Die Kanadierin Dale Kavanagh spielte das 108. Konzert der Bonner Meisterkonzerte im Bonner Kunstmuseum, der Chur Cölnische Chor begeisterte das Publikum in der Bonner Stiftskirche und die Wiener Symphoniker warteten in Köln mit attraktiverJung-Pianistin auf.

Perfektes Spiel und engelsgleiche Stimmen aus Bonn und Köln
Foto: Horst Müller

Kunstmuseum. Das 108. Konzert der Bonner Meisterkonzerte spielte die Kanadierin Dale Kavanagh, die - nicht zuletzt als Mitglied des Amadeus Guitar Duos - eine feste Größe in der Gitarrenszene ist.

Ihr Konzert im Bonner Kunstmuseum begann sie mit einer kurzen Courante von Michael Praetorius.

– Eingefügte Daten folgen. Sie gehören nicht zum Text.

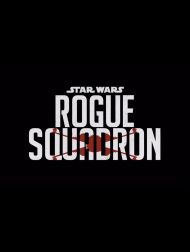 sortie dvd	
 Star Wars : Rogue Squadron
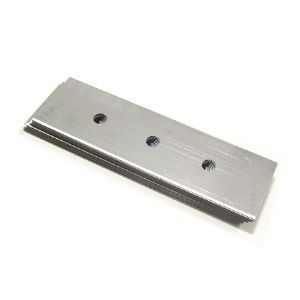 스크렛바 (scractch bar) 교환날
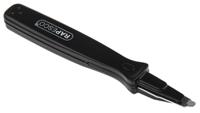 psr101b1 Rapesco Push Staple Remover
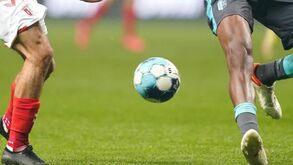 Liga não admite adiar 17.ª jornada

Ein bezauberndes Stückchen Musik, das sie eigener Aussage zufolge deshalb so gerne spielt, weil es einfach gute Laune macht. Reizvoll war auch das nachfolgende Programm: mit den zehn Etuden von Leo Brouwer spielte Kavanagh einen Zyklus, der so selten zu hören ist. In der Regel zur technischen Perfektionierung eingesetzt, handelt es sich um faszinierende Miniaturen, die von Kavanagh ins rechte Licht gerückt wurden.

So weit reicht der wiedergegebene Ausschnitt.